What happens is explained in the figure below. Alice sends a message for Dave to Bob. Bob still doesn’t know who Dave is but he does know Carol, who is more likely to know Dave. He forwards her the message and since Carol actually knows Dave she sends the message to him. The exact opposite route happens when Dave sends a message back to Alice.
Chunks are the key
But Swarm nodes don’t just forward messages. This is reserved for uploading and downloading data. They also store chunks, which contain data and have an address. As Rinke pointed out in his talk, chunk addresses are very important because they determine which nodes will store them. Nodes will store chunks with similar addresses. Also, the same chunk will be stored by multiple nodes to provide redundancy in case nodes come and go from the network.
The chunk address is provided by the hash of the data or is attested to by a digital signature of the uploader to provide the integrity of the data.
This design has an important consequence. Nobody in the forwarding chain knows who the originator of the request is. The forwarder only knows that the request is coming from the currently requesting node. “This facilitates the privacy of whoever is downloading via Swarm,” Rinke says.

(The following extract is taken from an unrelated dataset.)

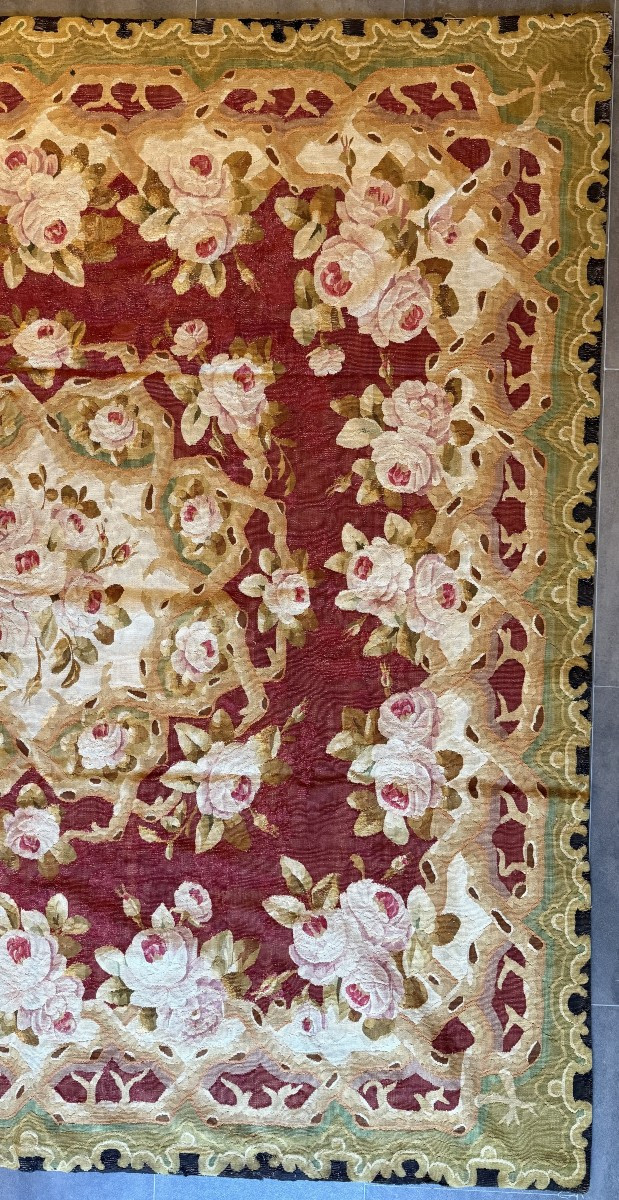 Aubusson Carpet From The Napoleon III Era, 19th Century-photo-4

Why do nodes help each other?
The reason nodes act in this collaborative way is because they are financially motivated to do so. Alice has to pay to receive the desired chunk and the payment amount corresponds to the distance the chunk has to travel. The payment is also dispersed along the forwarding chain so that each node pockets some profit (see figure below). The profit is paid out either in Swarm’s native token, BZZ, or in reciprocal services.
What if Swarm runs out of space?
Just like any other hard drive, Swarm has a finite storage capacity. Unlike a regular hard drive, once the content is published it cannot be changed and nobody can revoke access from anybody. Meaning, as Rinke put it, it does not have a deletion operation.

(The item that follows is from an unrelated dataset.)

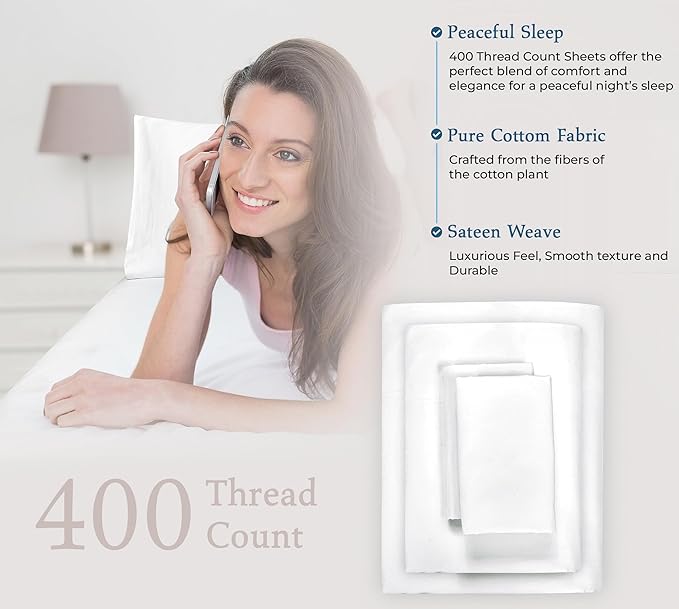 Royale Linen 400 Thread Count 100% American Grown Cotton 4 Piece Sateen Queen Sheet Set - 1 Fitted Sheet, 1 Flat Sheet, 2 Pillow case - White Queen Bedsheet - Cotton Sheets - (Queen, Signature White)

“Basically, how we do this is that every chunk has a payment reference, which signals the value of that particular chunk. These on-chain payments together with some expected profit measure allows the nodes to order the chunks based on their value. That’s how only the most relevant chunks are preserved in Swarm. And those chunks that are not requested that much eventually get replaced,” Rinke laid out Swarm’s “garbage collection” framework. Swarm, therefore, always preserves the content that is the most relevant to preserve at a given moment.
Swarm and Web3
Although the greater part of the talk revolved around Swarm’s DISC (Distributed Storage of Chunks), the final part of the talk focused on how Swarm actually fits into the Web3 narrative.

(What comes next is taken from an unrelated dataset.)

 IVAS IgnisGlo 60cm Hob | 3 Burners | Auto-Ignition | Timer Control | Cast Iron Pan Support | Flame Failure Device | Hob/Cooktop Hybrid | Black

“Just as the hard drive on its own doesn’t really give meaning to the data, the DISC doesn’t give meaning to the chunks. It’s the data structures and how we interpret those chunks that gives meaning to them,” Rinke added.
With the Bee node you can request files, directories, and dynamic content and send messages in a permissionless and private manner. These capabilities together form the puzzle pieces that enable decentralised applications on top of Swarm.
And these applications can be whatever developers choose to build. The sky’s the limit!